→ What to do
Each line from the one with "Hand-thrown miniature signed" through the last line of the material is to be printed exactly; no other line and no picture belongs in the copy.

→ Dataset excerpt
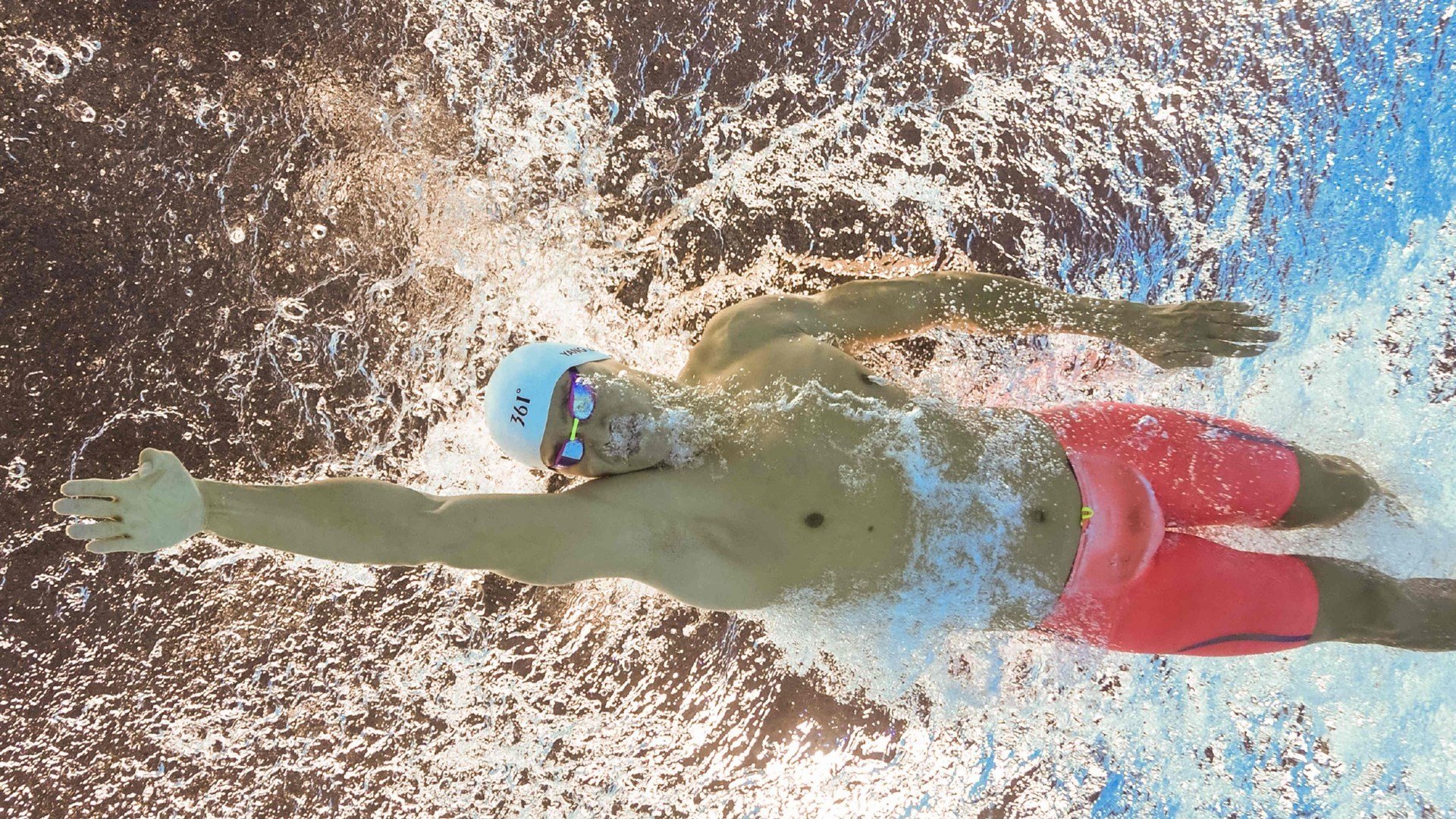 BLG逆风翻盘刷新粉丝期待，逆风怎么翻盘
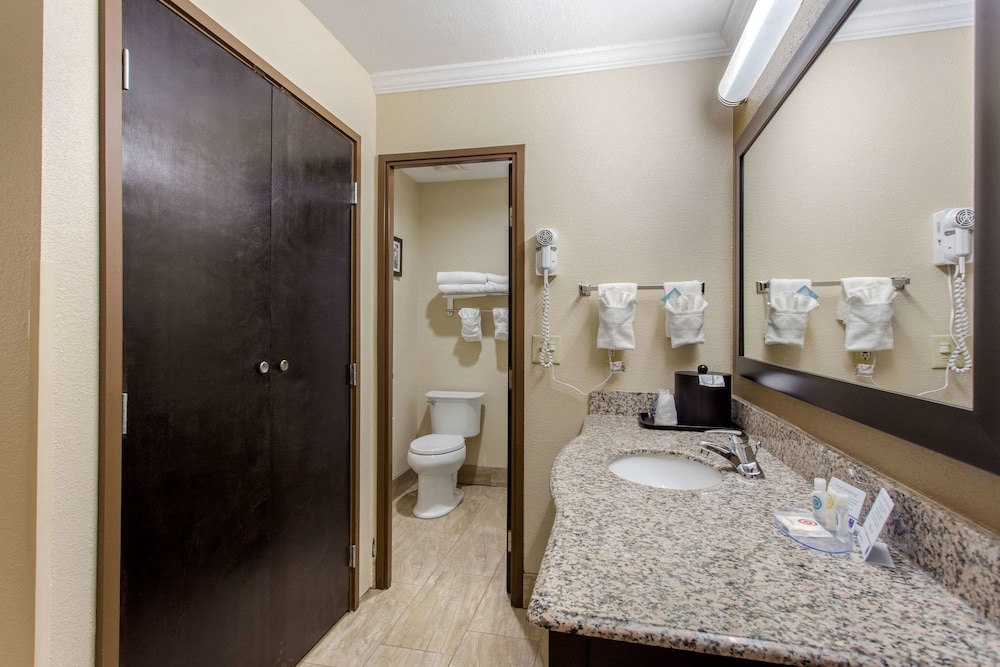 Comfort Inn Asheville East-Blue Ridge Pkwy Access 23/39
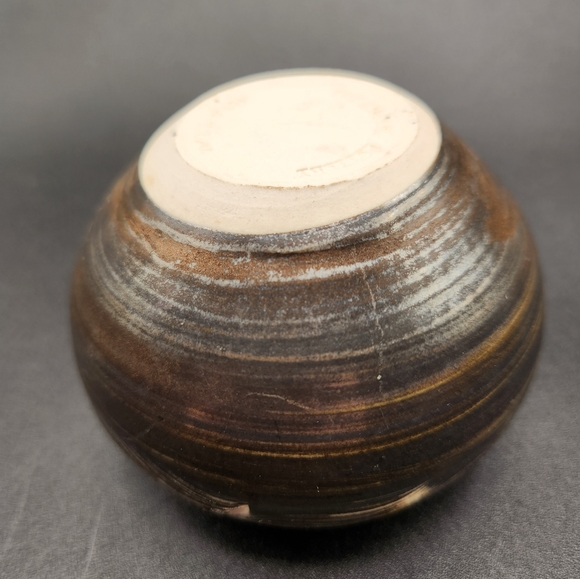 Hand-thrown miniature signed pot - Picture 5 of 5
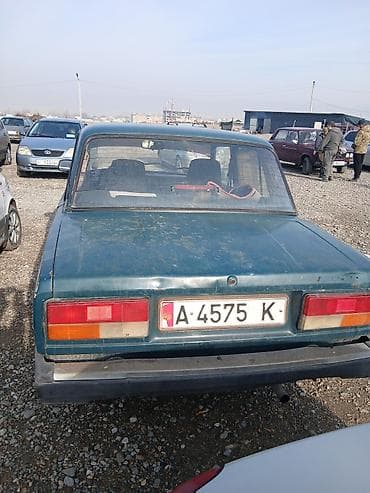 Транспорт: ВАЗ (ЛАДА) 2105: 2000 г., Механика, Седан — 2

→ Solution to this exercise
 Hand-thrown miniature signed pot - Picture 5 of 5
 Транспорт: ВАЗ (ЛАДА) 2105: 2000 г., Механика, Седан — 2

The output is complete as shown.